Von Scheben has been in Alaska since 1963, four years after it became the 49th state. An engineer and land surveyor, he was one of four founding partners of the Anchorage-based engineering firm USKH Inc., which also has offices in Washington and Idaho. He no longer has financial ties to his former company.

After 20 years with a firm that has 200 employees and a $25 million budget, he now runs one of the state’s largest departments, featuring 3,200 employees and an annual budget of about $1.3 billion.

While it’s a leap for him, the budget is not enough to cover all of the constituents’ wishes.

“We deal with a variety of climate changes within the state of Alaska and the sheer building of our projects makes us unique from other states,” he said. “Up north we are building over permafrost; in the Southeast, we are building over rock and timber; in Anchorage we have poor soil conditions.

“We have significant travel, say, from here to Fairbanks but we don’t have a significant gas tax [eight cents per gallon],” he said. “We can’t tax ourselves enough to cover all of our expenses because we don’t have that many people traveling.”

For now, von Scheben said, priorities revolve around Palin’s bond proposal and preparing the state’s roads for supporting construction of a natural gas pipeline.

That includes addressing increasing traffic congestion in the Anchorage area; long-needed road repairs; airport maintenance; and bridge safety so the state does not face the same tragedy that befell more than a dozen who died in a Minneapolis bridge collapse.

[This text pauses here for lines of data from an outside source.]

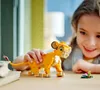 LEGO(R) DISNEY 4324343 Leví kráľ - Levíča Simba Náhľad obrázku produktu 30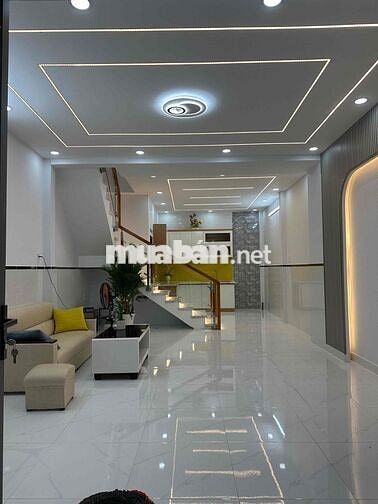 Bán nhà đẹp 2 tầng Bình Tân- 44m2- giá 4,65 tỷ- Sổ riêng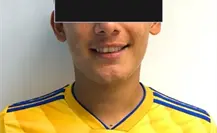 Arrestan a Edgar N, ex jugador de Tigres, por presunto asesinato de policías en Sinaloa Arrestan a Edgar N, ex jugador de Tigres, por presunto asesinato de policías en Sinaloa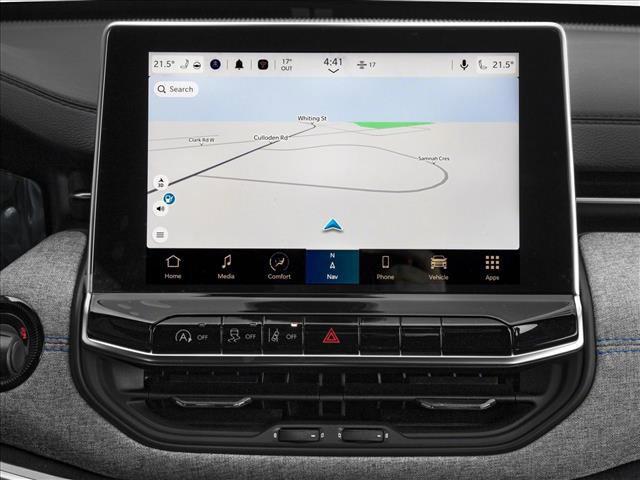 new 2026 Jeep Compass car, priced at $33,885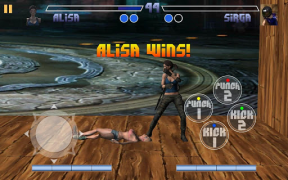 Herunterladen Fight Night Abenteuer für Android Bildschirmfoto 4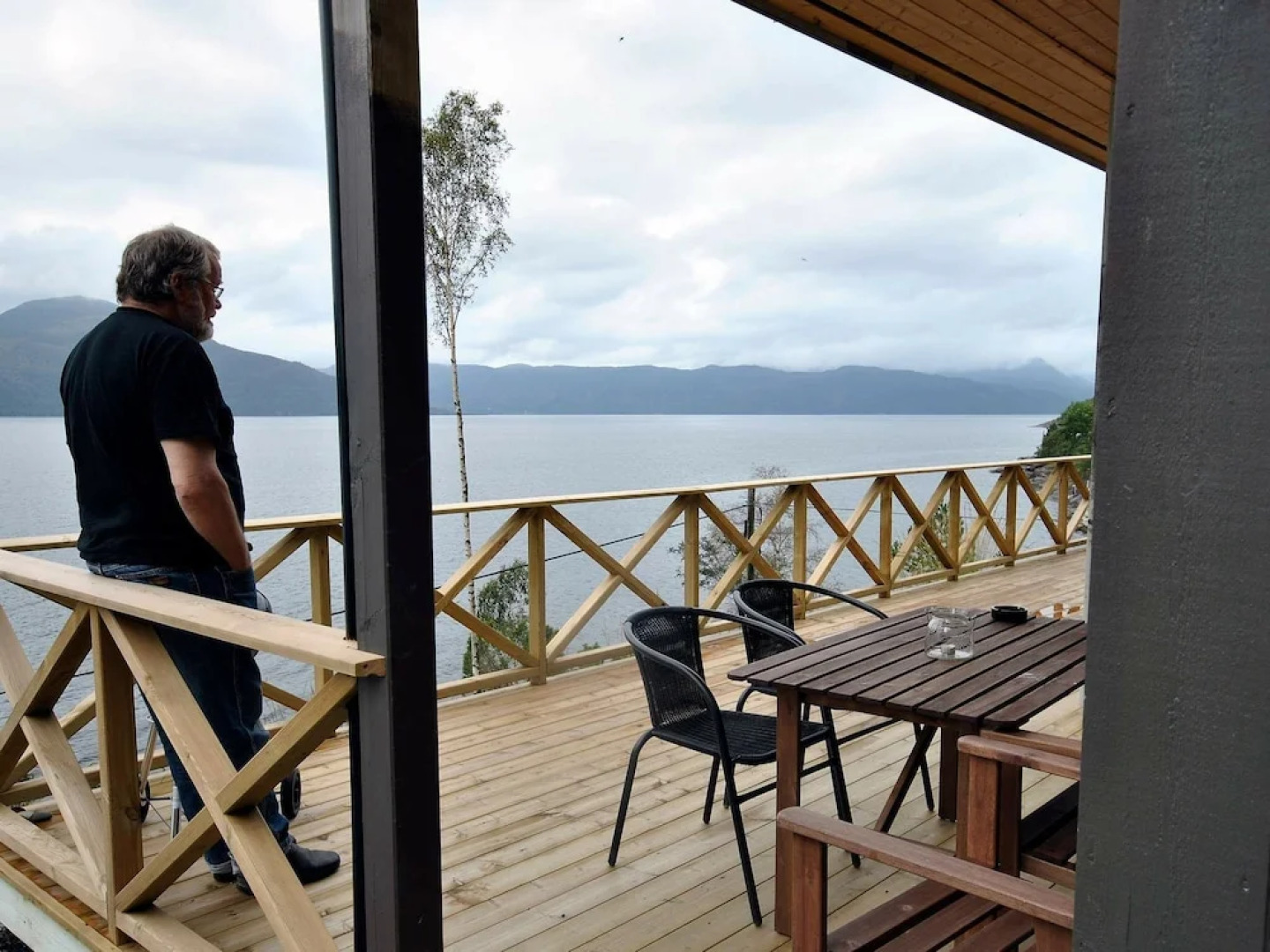 Holiday Home in Hebnes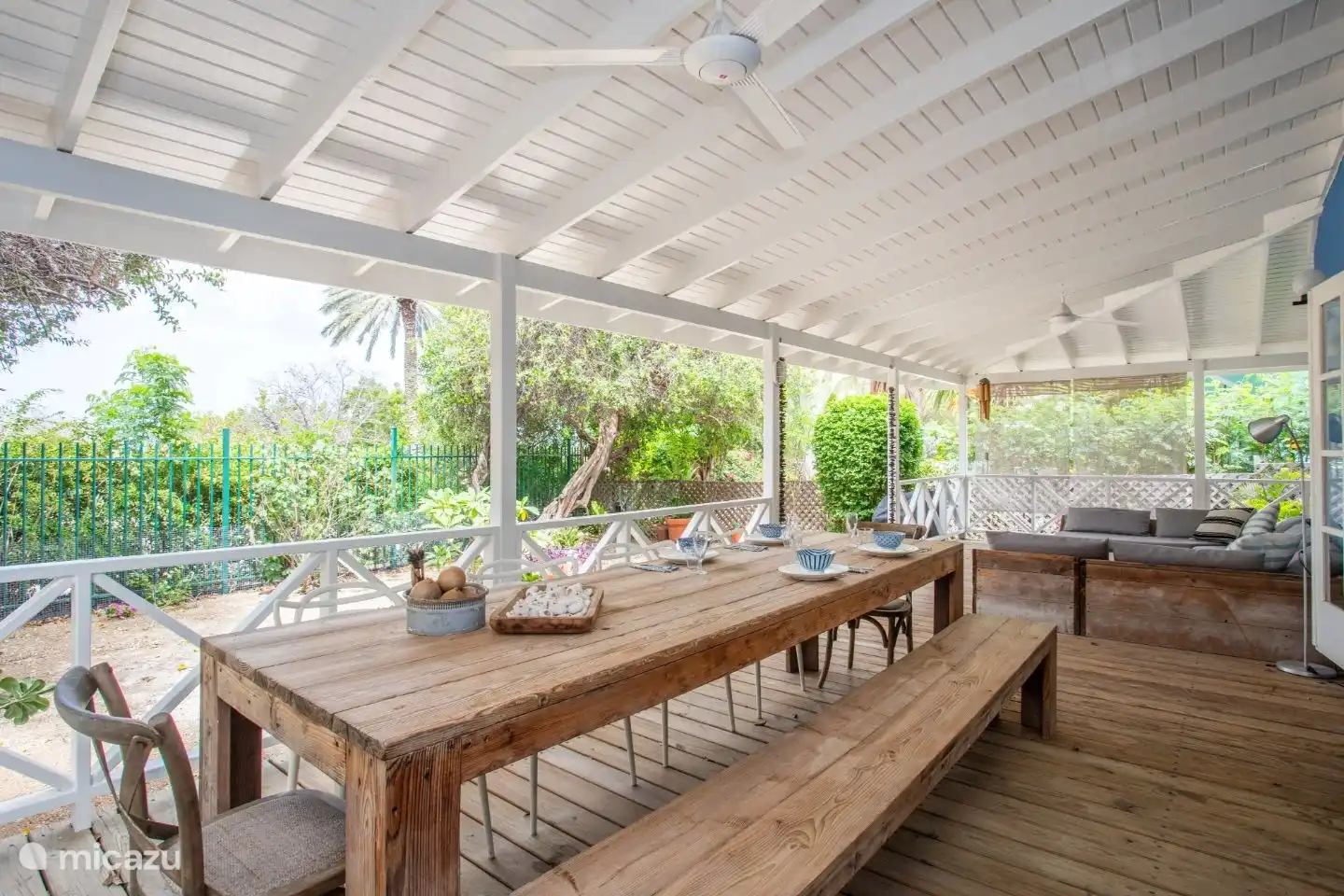 Piscadera Bay Resort 2 in Curaçao, Curacao-Mitte, Piscadera - bungalow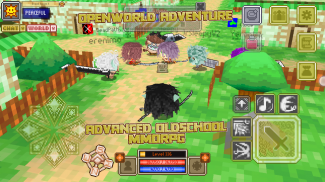 Silverpath Online - MMORPG screenshot 3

Among projects in the transportation bond bill, the state is proposing a $14 million allocation for improvements to the Dalton Highway, which runs from north of Fairbanks to the North Slope, and is likely to be a conduit for bringing gas line supplies.

Also a priority for members of the House and Senate Transpiration Committees is the fate of the Alaska Marine Highway System, whose aging fleet and rising fuel costs are causing increasing constraints.

Lawmakers, however, say it’s more than a lifeline for the Southeast communities and the Aleutian Islands. It’s also responsible for getting people to the state’s main hubs Anchorage and Fairbanks.